C'est dans ce vide que la médecine traditionnelle s'est imposée. Selon l'OMS, 80 % de la population des pays en développement, principalement en Afrique, consulte des guérisseurs traditionnels. Au Cameroun, plus de 70 % de la population a recours à la médecine traditionnelle pour ses soins de santé primaires.

« Elles sont allées à l'hôpital et elles n'ont pas eu de résultats positifs, pas d'améliorations », explique Papa Michel, tradipraticien à Yaoundé, interrogé par BBC Afrique. Il traite les MST, le diabète, la goutte. Pour la syphilis, « je la détecte sur les paumes de la main, sur la plante des pieds, parce que ça donne des petites taches noires ».

Ce recours n'est pas un choix culturel c'est une nécessité économique. Dans les quartiers défavorisés de Douala, la médecine indigène et les pharmacies de rue sont devenues les options de soins primaires. Le modèle « payer-avant-de-soigner » des cliniques modernes est un obstacle pour des familles qui préfèrent la flexibilité des systèmes de paiement des tradipraticiens. Même en zone rurale, où la confiance dans les systèmes traditionnels reste forte, une préférence pour les soins occidentaux persiste en cas d'urgence vitale.

Loi 2024/018 : la reconnaissance officielle

Face à cette réalité, l'État a fini par céder. Le 23 décembre 2024, la loi n° 2024/018 portant exercice et organisation de la médecine traditionnelle a été promulguée. Son article 2 est historique : « La médecine traditionnelle fait partie intégrante du système de santé camerounais ».

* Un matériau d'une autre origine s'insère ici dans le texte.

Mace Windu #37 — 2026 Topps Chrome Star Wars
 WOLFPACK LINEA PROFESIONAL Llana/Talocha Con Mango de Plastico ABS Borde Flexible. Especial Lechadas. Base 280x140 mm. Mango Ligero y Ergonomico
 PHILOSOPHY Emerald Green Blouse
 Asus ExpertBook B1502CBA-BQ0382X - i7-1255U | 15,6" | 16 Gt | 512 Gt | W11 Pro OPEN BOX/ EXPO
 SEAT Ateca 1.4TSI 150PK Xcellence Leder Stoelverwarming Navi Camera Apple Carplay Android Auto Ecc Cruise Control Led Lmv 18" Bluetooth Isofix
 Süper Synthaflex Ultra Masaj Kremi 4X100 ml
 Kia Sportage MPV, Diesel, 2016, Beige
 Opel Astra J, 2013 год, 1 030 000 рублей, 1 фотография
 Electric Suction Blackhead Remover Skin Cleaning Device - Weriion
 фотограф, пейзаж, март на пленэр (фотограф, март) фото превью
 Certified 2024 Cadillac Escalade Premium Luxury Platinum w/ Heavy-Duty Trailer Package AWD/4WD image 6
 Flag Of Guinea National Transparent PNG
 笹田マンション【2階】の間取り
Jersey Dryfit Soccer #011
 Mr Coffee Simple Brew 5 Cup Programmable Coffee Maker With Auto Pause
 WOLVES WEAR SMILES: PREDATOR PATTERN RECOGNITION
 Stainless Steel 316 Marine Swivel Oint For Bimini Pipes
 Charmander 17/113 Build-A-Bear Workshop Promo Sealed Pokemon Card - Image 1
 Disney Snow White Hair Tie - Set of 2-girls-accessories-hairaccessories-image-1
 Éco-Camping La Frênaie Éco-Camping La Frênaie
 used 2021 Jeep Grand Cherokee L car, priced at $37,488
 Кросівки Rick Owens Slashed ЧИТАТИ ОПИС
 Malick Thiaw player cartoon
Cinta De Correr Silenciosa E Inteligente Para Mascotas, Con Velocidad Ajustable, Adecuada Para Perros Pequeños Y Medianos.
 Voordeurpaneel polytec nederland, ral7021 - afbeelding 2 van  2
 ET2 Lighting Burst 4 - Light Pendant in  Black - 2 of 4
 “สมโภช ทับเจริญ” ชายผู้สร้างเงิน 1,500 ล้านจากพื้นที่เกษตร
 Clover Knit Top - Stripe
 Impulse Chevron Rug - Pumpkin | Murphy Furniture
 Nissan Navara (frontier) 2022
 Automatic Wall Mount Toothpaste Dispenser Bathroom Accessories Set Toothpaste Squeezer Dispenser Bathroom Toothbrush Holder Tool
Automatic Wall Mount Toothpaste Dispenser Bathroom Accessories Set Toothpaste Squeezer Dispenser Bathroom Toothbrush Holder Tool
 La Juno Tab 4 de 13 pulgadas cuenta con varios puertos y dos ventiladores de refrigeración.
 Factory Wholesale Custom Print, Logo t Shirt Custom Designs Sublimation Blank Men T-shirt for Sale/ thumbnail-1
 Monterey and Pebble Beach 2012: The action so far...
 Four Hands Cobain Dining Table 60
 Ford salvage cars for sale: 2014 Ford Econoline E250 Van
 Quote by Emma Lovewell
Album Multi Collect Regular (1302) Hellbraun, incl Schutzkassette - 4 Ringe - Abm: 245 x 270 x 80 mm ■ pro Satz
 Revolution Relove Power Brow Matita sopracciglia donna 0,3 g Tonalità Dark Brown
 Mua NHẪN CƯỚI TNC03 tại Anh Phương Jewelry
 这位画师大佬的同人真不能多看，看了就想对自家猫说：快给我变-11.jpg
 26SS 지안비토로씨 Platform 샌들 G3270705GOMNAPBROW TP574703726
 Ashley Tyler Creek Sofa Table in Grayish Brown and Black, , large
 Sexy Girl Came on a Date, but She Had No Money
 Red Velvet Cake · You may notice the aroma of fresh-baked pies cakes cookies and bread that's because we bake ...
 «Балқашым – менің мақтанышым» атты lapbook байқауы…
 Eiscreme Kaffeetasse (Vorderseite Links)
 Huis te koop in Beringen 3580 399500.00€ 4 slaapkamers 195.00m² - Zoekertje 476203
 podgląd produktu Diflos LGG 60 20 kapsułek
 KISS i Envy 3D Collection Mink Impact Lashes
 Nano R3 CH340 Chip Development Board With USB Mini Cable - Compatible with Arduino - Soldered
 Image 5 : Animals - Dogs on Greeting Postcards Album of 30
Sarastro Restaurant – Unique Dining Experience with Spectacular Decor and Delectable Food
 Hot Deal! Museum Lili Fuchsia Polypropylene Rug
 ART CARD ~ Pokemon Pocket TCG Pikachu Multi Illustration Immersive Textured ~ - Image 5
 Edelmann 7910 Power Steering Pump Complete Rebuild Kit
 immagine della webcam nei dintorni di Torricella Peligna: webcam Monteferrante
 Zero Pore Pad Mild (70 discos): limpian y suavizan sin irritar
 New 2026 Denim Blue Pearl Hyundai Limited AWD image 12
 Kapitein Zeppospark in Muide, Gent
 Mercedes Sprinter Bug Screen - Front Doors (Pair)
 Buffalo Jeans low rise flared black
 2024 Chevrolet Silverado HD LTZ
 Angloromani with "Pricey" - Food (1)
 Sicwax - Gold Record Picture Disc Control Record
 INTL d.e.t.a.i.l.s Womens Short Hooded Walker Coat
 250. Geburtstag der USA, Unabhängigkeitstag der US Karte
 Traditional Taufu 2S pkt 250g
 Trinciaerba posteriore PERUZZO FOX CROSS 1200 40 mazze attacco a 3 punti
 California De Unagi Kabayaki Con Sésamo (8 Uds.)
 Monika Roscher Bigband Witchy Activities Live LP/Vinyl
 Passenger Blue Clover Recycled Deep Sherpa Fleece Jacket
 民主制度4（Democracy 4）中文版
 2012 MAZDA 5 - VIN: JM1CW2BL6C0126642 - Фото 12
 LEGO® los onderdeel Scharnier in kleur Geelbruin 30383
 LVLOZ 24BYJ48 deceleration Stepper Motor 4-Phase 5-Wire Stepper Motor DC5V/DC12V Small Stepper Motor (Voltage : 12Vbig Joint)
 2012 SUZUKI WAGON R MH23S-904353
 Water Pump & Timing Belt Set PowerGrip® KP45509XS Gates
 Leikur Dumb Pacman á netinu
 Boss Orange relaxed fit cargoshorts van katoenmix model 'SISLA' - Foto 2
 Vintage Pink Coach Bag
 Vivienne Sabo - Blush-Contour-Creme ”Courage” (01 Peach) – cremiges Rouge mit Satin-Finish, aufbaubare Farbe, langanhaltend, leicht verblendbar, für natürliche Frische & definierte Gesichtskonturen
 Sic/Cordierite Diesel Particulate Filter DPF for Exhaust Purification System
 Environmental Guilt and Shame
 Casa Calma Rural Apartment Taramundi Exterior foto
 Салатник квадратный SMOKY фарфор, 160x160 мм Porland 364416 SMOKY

La loi vise à « promouvoir le développement de la médecine traditionnelle comme modalité d'accès des populations aux soins de santé ». Elle fixe les droits et devoirs des tradipraticiens, institue une instance de régulation et autorise les tradipraticiens à référer les patients vers la médecine conventionnelle. Les contrevenants s'exposent désormais à des peines d'emprisonnement et des amendes pouvant atteindre 20 millions de FCFA.

« Le projet de loi vise simplement à encadrer et à organiser ce secteur afin que les charlatans ne puissent pas ternir l'image de la médecine traditionnelle », a déclaré le ministre Manaouda devant le Parlement.

Une médecine à deux vitesses

Mais la reconnaissance officielle ne masque pas l'injustice fondamentale. Pendant que 70 % des Camerounais se tournent vers les plantes faute de mieux, l'élite politique s'évacue vers l'Inde, la Turquie ou la Suisse. Les évacuations sanitaires des dignitaires coûtent 1,5 milliard de FCFA par an au Trésor public, soit en moyenne 10 millions FCFA par évacuation. « Combien de Camerounais peuvent se permettre une dépense de 5 à 10 millions pour se soigner ? », interrogeait récemment un observateur.

Le phénomène suscite de vifs débats, « soulignant le contraste entre les privilèges des élites et les défis quotidiens du système public ». Un contraste que les Camerounais ordinaires, réduits aux décoctions d'écorces, ne peuvent ignorer.

Une crise qui interroge la souveraineté sanitaire

Le basculement vers la médecine traditionnelle est aussi une question de souveraineté. Les recherches scientifiques commencent à valider ce que les tradipraticiens savent depuis des générations : des études menées au Cameroun ont démontré le potentiel des plantes médicinales locales contre la dysenterie et d'autres pathologies. Pourtant, les systèmes de pharmacovigilance restent faibles, et l'innocuité des produits traditionnels est difficile à surveiller.

Les autorités sanitaires camerounaises ont reconnu le rôle vital de la médecine traditionnelle. Mais l'intégration formelle, la protection juridique et le financement public restent des chantiers ouverts. Les protocoles d'évaluation des remèdes traditionnels et les sanctions en cas de violations sont nécessaires pour garantir la qualité des soins et protéger les patients.